Task directions
Going line by line through the listing below, count those with the string "Chair" and answer with the number alone.

Information provided

- - -

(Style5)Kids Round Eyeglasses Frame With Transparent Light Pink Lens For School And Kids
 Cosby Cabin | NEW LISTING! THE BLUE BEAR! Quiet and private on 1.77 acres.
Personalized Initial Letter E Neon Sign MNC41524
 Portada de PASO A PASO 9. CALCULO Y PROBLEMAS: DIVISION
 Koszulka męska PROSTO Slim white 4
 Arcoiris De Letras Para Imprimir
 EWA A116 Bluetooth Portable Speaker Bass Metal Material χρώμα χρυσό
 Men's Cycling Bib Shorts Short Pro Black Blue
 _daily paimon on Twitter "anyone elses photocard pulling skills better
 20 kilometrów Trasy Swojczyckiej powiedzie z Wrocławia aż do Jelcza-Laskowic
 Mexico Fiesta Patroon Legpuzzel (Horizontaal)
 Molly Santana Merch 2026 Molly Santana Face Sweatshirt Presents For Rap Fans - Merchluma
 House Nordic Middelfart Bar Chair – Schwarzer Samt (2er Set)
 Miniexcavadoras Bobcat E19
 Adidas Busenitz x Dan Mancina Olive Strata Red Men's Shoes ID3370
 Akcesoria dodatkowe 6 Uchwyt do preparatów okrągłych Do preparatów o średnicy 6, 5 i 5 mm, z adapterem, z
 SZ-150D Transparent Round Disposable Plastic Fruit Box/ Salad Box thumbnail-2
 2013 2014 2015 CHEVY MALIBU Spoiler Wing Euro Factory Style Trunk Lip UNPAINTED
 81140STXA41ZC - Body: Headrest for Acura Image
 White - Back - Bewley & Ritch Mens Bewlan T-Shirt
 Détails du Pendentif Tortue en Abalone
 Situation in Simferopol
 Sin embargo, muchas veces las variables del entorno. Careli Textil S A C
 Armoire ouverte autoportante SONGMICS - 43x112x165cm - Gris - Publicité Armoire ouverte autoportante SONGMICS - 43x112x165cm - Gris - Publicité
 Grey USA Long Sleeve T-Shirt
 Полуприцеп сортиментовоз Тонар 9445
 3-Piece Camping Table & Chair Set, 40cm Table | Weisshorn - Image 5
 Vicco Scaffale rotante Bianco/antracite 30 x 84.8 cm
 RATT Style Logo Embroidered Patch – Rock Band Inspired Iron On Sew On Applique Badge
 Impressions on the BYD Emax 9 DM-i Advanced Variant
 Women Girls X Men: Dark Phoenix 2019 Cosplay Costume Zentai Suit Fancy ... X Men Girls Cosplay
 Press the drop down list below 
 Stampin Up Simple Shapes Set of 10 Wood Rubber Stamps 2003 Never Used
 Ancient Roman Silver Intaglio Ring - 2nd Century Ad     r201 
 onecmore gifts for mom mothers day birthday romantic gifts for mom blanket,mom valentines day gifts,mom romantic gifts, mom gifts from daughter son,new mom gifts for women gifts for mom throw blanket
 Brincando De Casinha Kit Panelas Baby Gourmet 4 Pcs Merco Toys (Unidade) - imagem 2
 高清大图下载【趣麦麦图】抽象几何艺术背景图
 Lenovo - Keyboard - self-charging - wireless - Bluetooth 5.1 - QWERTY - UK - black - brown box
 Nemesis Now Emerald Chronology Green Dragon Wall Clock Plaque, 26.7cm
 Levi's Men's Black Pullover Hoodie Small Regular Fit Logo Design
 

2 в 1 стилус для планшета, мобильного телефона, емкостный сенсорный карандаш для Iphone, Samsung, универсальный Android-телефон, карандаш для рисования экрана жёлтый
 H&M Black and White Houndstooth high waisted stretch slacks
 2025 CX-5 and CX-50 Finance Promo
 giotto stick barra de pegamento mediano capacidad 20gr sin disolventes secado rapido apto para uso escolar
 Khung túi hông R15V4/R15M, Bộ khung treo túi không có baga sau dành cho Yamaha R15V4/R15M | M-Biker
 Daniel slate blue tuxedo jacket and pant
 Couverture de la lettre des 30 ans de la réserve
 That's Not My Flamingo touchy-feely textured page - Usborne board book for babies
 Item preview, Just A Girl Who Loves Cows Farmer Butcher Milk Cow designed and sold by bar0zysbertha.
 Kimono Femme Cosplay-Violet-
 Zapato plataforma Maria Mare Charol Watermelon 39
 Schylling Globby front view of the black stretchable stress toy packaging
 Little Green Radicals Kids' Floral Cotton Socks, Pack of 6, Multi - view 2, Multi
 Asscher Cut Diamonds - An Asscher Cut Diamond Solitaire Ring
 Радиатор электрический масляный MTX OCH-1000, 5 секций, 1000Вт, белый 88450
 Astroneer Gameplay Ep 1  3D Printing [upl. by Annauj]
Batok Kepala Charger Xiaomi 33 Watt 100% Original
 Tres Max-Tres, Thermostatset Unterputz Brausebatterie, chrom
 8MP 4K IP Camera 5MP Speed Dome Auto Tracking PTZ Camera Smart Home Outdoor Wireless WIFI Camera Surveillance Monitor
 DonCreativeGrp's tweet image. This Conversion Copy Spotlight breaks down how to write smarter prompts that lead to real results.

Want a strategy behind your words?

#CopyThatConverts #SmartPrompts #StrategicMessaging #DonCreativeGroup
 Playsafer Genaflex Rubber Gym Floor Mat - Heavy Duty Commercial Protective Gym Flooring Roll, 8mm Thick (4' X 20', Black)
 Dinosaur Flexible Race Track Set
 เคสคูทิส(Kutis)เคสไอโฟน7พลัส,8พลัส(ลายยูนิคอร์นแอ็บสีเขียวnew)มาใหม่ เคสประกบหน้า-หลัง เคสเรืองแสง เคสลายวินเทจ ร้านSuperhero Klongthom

- - -

Exercise answer
2